─── Information supplied ───

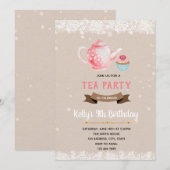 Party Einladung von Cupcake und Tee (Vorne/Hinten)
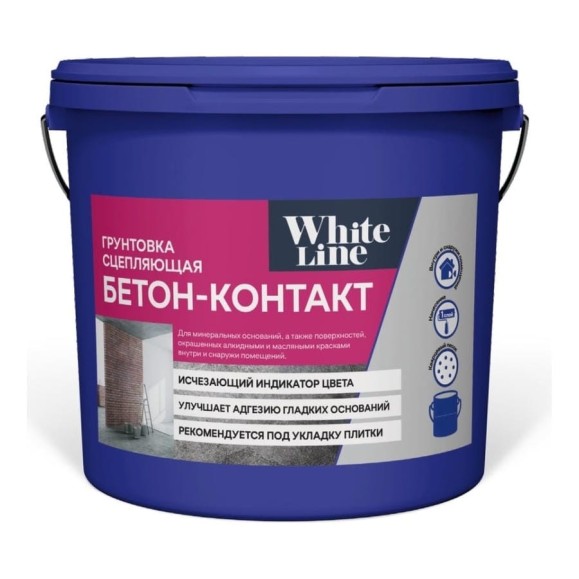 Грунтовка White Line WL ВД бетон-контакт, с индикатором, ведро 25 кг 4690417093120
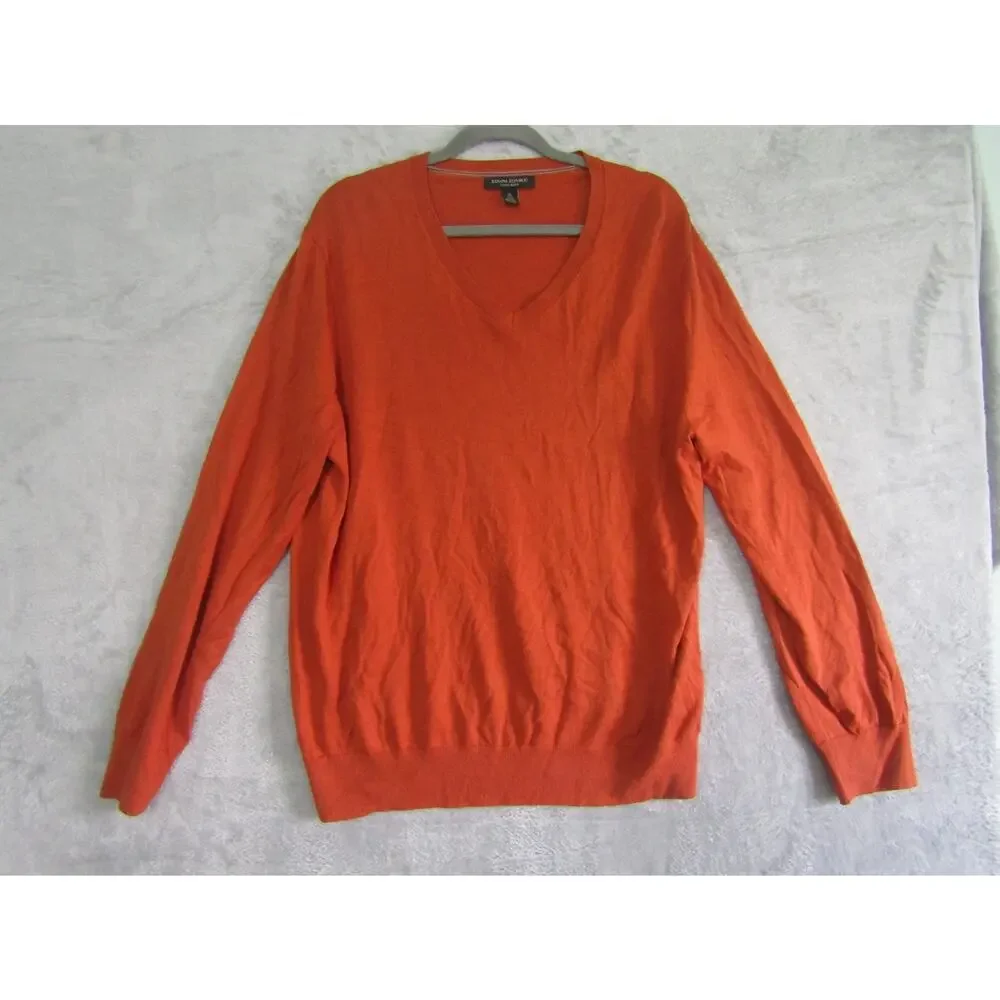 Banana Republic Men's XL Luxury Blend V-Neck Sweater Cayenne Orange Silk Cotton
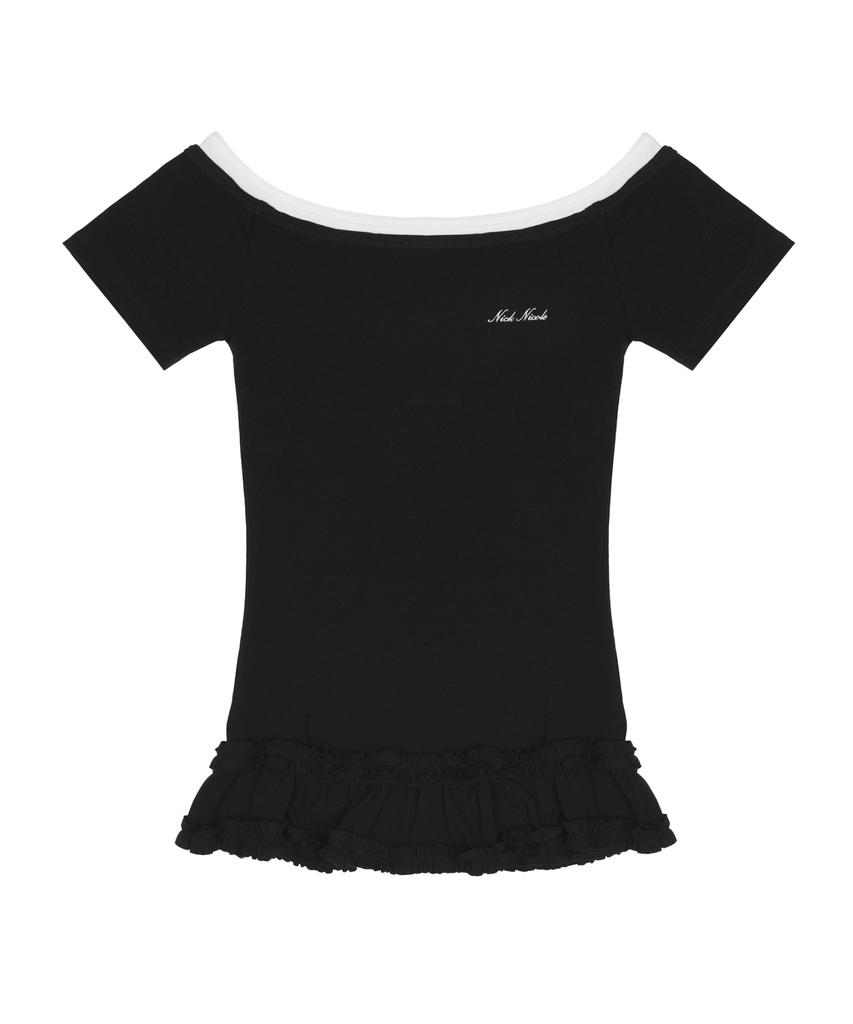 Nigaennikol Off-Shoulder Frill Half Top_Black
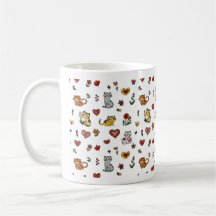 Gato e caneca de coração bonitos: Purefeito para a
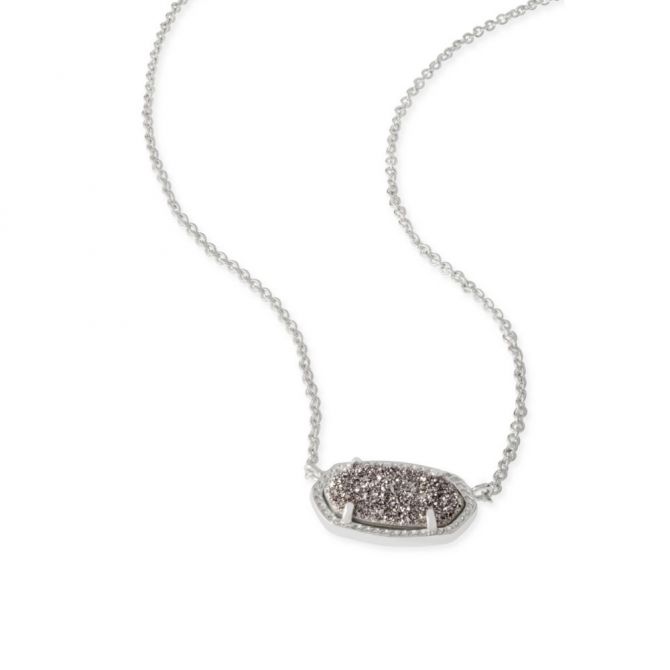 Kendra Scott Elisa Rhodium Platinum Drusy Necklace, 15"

───
─── Information supplied ───

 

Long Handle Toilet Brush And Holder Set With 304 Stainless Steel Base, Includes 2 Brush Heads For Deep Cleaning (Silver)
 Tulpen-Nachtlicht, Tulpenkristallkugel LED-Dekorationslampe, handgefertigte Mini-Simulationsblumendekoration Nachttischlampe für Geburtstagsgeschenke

───
─── Information supplied ───

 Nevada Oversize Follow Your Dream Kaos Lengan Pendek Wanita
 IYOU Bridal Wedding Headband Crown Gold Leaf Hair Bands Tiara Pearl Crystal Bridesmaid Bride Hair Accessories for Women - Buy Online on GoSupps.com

───

> **What is being asked**
Precisely those lines above that run from the line with "Party Einladung von" up to and including the line with "Nigaennikol Off-Shoulder Frill" are to be set down, with the pictures omitted.

> **Response to this exercise**
 Party Einladung von Cupcake und Tee (Vorne/Hinten)
 Грунтовка White Line WL ВД бетон-контакт, с индикатором, ведро 25 кг 4690417093120
 Banana Republic Men's XL Luxury Blend V-Neck Sweater Cayenne Orange Silk Cotton
 Nigaennikol Off-Shoulder Frill Half Top_Black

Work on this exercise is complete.